KeyValuePair不会覆盖GetHashCode(),因此您只是使用默认实现ValueType.GetHashCode(),并且其文档说明如下:

(来自:http://msdn.microsoft.com/en-us/library/system.valuetype.gethashcode.aspx)

如果调用派生类型的GetHashCode方法,则返回值可能不适合用作哈希表中的键.此外,如果这些字段中的一个或多个字段的值发生更改,则返回值可能不适合用作哈希表中的键.在任何一种情况下,请考虑编写自己的GetHashCode方法实现,该方法更接近地表示该类型的哈希代码的概念.

由于KeyValuePair没有覆盖GetHashCode(),我认为它不打算用作Dictionary密钥.

此外,根据这个问题和这个C#代码,默认实现ValueType.GetHashCode()只是选择第一个非静态字段,并返回其GetHashCode()方法的结果.这解释了大量的重复KeyValuePair<UInt32, UInt32>,虽然它没有解释缺少重复KeyValuePair<UInt16, UInt16>.

我的猜测是,对KeyValuePair<UInt32, UInt32>,GetHashCode()不只是返回GetHashCode()的第一个值,并且对于KeyValuePair<UInt16, UInt16>,GetHashCode()被合并从而为每对值一个唯一的哈希值,因为它是可能的,straightfoward这样做.

Answer 2

首先,我们可以省去这方面的时间方面 - 我觉得这真的只是哈希冲突,因为显然那些会破坏性能.

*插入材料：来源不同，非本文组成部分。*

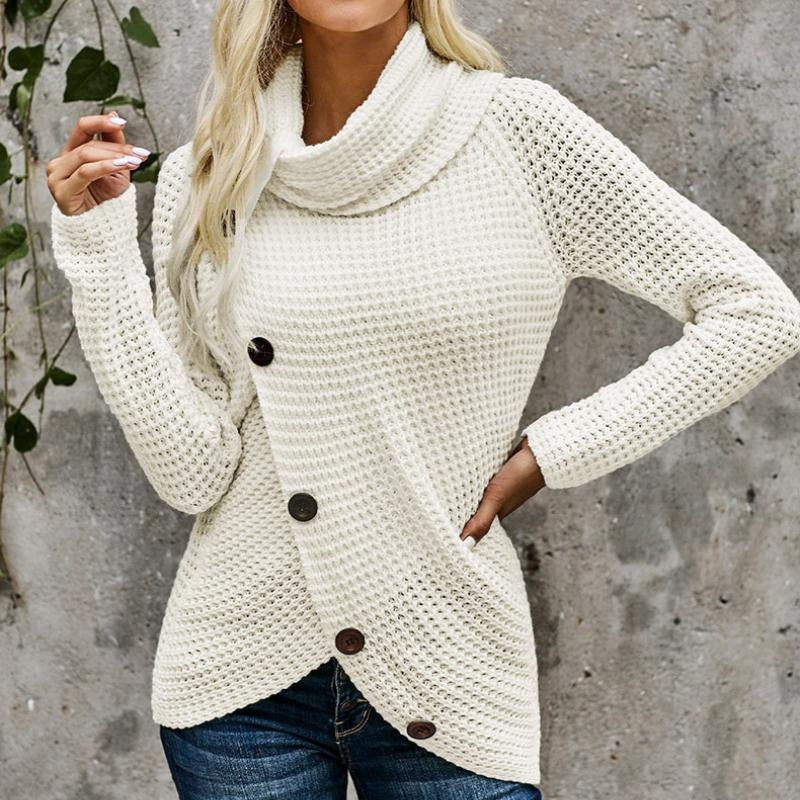 Pullover Button High Lapel Pullover Sweater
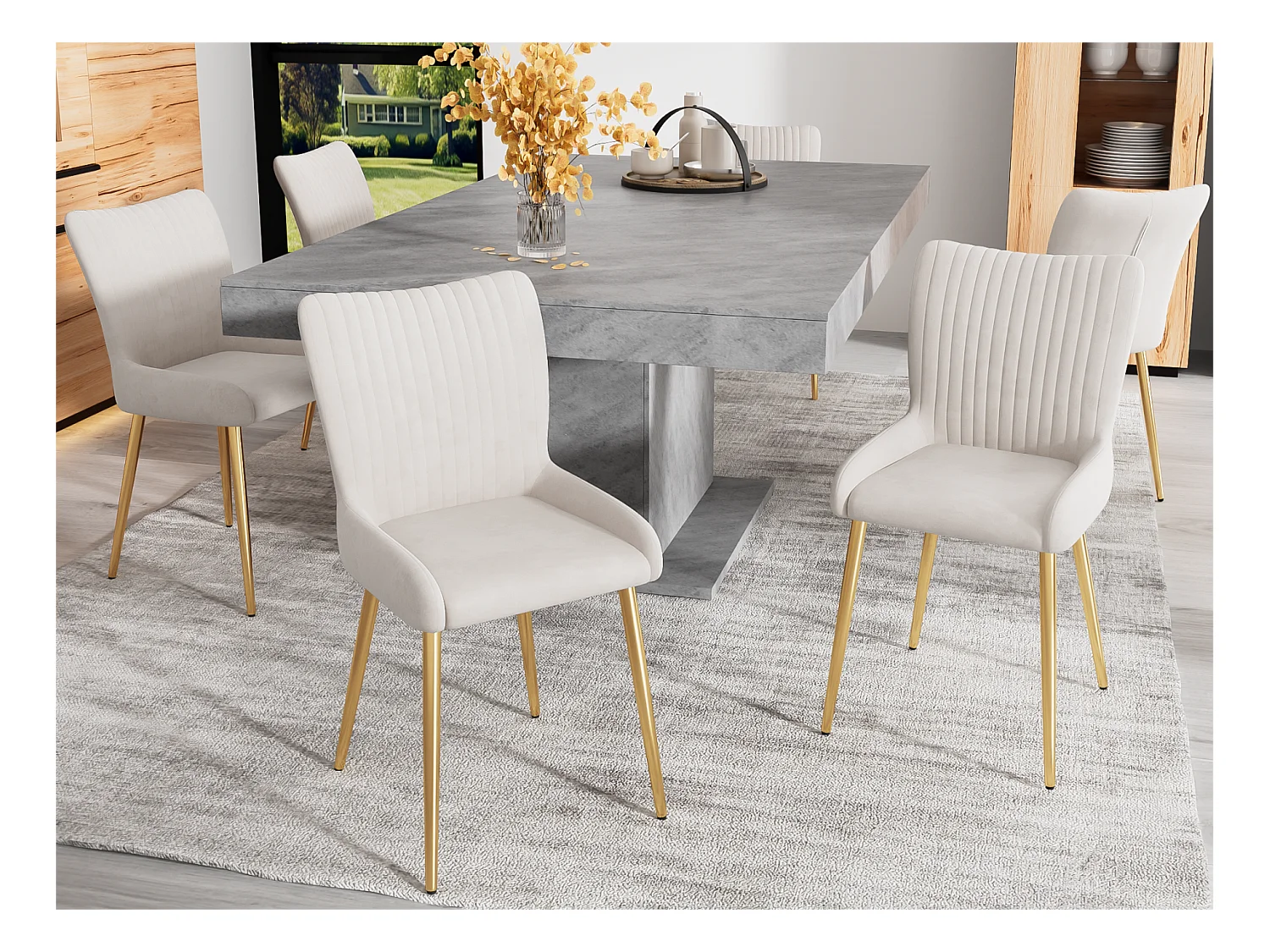Lot de 6 Chaises en velours - avec pieds en métal doré - Beige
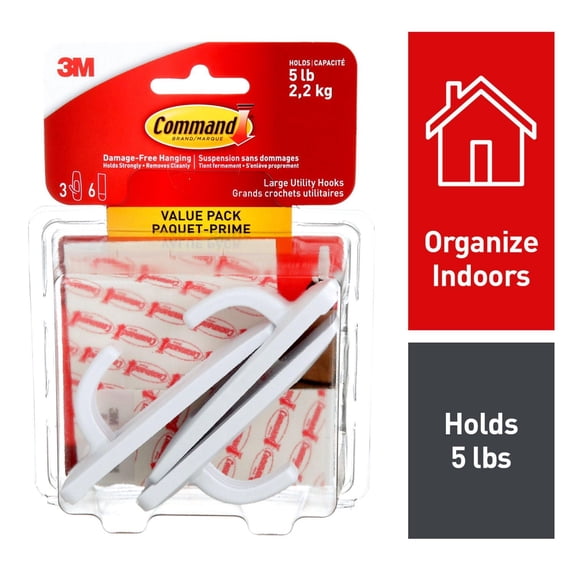 Command™ Utility Hook 17001C-VP, Medium, Value Pack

所以,真正的问题是,为什么有更多的哈希冲突KeyValuePair<uint, uint>比KeyValuePair<ushort, ushort>.为了帮助我找到更多相关信息,我编写了以下简短程序:

using System;
using System.Collections.Generic;

class Program
{
    const int Sample1 = 100;
    const int Sample2 = 213;

    public static void Main()
    {
        Display<uint, ushort>();
        Display<ushort, ushort>();
        Display<uint, uint>();
        Display<ushort, uint>();
    }

    static void Display<TKey, TValue>()
    {
        TKey key1 = (TKey) Convert.ChangeType(Sample1, typeof(TKey));
        TValue value1 = (TValue) Convert.ChangeType(Sample1, typeof(TValue));
        TKey key2 = (TKey) Convert.ChangeType(Sample2, typeof(TKey));
        TValue value2 = (TValue) Convert.ChangeType(Sample2, typeof(TValue));

        Console.WriteLine("Testing {0}, {1}", typeof(TKey).Name, typeof(TValue).Name);
        Console.WriteLine(new KeyValuePair<TKey, TValue>(key1, value1).GetHashCode());
        Console.WriteLine(new KeyValuePair<TKey, TValue>(key1, value2).GetHashCode());
        Console.WriteLine(new KeyValuePair<TKey, TValue>(key2, value1).GetHashCode());
        Console.WriteLine(new KeyValuePair<TKey, TValue>(key2, value2).GetHashCode());
        Console.WriteLine();
    }
}

我机器上的输出是:

Testing UInt32, UInt16
-1888265981
-1888265981
-1888265806
-1888265806

Testing UInt16, UInt16
-466800447
-459525951
-466800528
-459526032

Testing UInt32, UInt32
958334947
958334802
958334802
958334947

Testing UInt16, UInt32
-1913331935
-1913331935
-1913331935
-1913331935

显然,您可以尝试更改样本值以查看存在冲突的位置.

结果KeyValuePair<ushort, uint>特别令人担忧,结果KeyValuePair<ushort, ushort>令人惊讶地好.

其实,KeyValuePair<ushort, uint>不只是坏-这是可笑糟糕,因为据我可以看到-我还没有找到任何运行64位CLR时不具有-1913331935相同的散列码值.运行32位CLR我得到一个不同的哈希码,但所有值仍然是相同的哈希码.

似乎在.NET 4.5(我正在运行的)中,默认实现GetHashCode不仅仅采用结构的第一个实例字段,如前所述.我怀疑至少对于某些类型,它只使用了盒装值中标题之外的前4个字节的内存(并且这里将有每次调用的装箱),并且最终有时只是第一个字段(如果是字段是a uint),有时是多个字段(例如ushort, ushort,两个字段都可以适合"内部"4个字节),有时根本不是字段(ushort, uint).

(实际上,这并不能解释为什么在这种uint, uint情况下你得到1024个不同的哈希码而不是1000个.我仍然不确定.)

最终,使用不会覆盖GetHashCode作为字典键的值类型似乎只是一个坏主意,除非您已经过测试以确保它适合您的特定要求.IMO,有太多的黑魔法对它充满信心.